Assignment: Repeat exactly, and only, the lines below starting at the line that contains "Abstract Starry Sky" and ending at the line that contains "Beige Low Waist", inclusive of both.

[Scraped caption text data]
....
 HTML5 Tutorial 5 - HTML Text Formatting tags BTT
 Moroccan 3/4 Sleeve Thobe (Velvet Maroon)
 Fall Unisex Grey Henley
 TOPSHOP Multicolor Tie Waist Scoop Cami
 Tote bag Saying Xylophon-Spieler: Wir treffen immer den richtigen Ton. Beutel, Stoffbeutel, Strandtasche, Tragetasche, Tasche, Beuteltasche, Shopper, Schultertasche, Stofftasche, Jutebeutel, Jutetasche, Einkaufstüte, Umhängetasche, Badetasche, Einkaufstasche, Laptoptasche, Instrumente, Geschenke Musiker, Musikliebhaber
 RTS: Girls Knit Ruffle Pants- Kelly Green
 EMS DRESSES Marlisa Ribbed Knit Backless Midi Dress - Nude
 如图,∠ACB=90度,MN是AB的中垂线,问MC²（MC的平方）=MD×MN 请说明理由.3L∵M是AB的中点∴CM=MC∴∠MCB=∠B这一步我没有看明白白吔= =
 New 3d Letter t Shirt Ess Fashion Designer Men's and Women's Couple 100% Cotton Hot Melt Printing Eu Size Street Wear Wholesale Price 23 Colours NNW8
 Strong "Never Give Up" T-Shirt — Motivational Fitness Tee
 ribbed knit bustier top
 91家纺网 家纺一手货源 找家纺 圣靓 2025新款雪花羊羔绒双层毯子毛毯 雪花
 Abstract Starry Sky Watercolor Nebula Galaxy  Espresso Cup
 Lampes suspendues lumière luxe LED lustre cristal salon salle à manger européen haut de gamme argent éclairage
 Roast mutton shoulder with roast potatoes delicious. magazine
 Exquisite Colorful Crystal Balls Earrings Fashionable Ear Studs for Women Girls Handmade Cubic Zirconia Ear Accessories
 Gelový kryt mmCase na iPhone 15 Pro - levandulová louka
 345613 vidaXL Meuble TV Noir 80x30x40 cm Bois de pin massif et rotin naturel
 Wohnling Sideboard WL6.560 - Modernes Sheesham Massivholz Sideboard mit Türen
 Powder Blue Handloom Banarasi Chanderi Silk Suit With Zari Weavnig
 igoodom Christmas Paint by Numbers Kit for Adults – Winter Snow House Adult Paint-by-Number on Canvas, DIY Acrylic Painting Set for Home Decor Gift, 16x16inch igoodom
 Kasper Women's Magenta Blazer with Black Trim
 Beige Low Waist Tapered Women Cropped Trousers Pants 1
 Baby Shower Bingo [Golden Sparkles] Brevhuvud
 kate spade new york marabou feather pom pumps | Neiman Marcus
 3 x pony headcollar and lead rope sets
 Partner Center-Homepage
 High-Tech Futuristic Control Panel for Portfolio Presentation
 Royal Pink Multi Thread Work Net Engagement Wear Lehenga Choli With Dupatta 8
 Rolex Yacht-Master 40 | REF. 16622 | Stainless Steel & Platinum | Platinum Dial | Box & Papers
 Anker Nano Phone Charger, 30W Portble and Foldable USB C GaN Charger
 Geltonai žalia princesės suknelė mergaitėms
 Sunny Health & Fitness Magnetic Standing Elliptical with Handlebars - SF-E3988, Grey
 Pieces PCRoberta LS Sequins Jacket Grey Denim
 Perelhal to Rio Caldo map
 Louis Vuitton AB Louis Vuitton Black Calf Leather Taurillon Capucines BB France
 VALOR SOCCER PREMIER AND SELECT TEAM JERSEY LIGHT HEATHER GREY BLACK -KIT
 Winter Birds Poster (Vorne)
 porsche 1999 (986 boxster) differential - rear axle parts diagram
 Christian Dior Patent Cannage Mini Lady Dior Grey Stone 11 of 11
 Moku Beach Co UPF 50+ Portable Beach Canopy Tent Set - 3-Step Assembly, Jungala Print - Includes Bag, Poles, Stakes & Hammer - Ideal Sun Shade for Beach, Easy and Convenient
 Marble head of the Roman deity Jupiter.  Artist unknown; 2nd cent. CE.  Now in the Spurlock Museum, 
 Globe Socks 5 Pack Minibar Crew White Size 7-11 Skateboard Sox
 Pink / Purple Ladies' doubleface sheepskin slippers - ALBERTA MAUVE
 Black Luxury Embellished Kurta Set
....
Completed task:
 Abstract Starry Sky Watercolor Nebula Galaxy  Espresso Cup
 Lampes suspendues lumière luxe LED lustre cristal salon salle à manger européen haut de gamme argent éclairage
 Roast mutton shoulder with roast potatoes delicious. magazine
 Exquisite Colorful Crystal Balls Earrings Fashionable Ear Studs for Women Girls Handmade Cubic Zirconia Ear Accessories
 Gelový kryt mmCase na iPhone 15 Pro - levandulová louka
 345613 vidaXL Meuble TV Noir 80x30x40 cm Bois de pin massif et rotin naturel
 Wohnling Sideboard WL6.560 - Modernes Sheesham Massivholz Sideboard mit Türen
 Powder Blue Handloom Banarasi Chanderi Silk Suit With Zari Weavnig
 igoodom Christmas Paint by Numbers Kit for Adults – Winter Snow House Adult Paint-by-Number on Canvas, DIY Acrylic Painting Set for Home Decor Gift, 16x16inch igoodom
 Kasper Women's Magenta Blazer with Black Trim
 Beige Low Waist Tapered Women Cropped Trousers Pants 1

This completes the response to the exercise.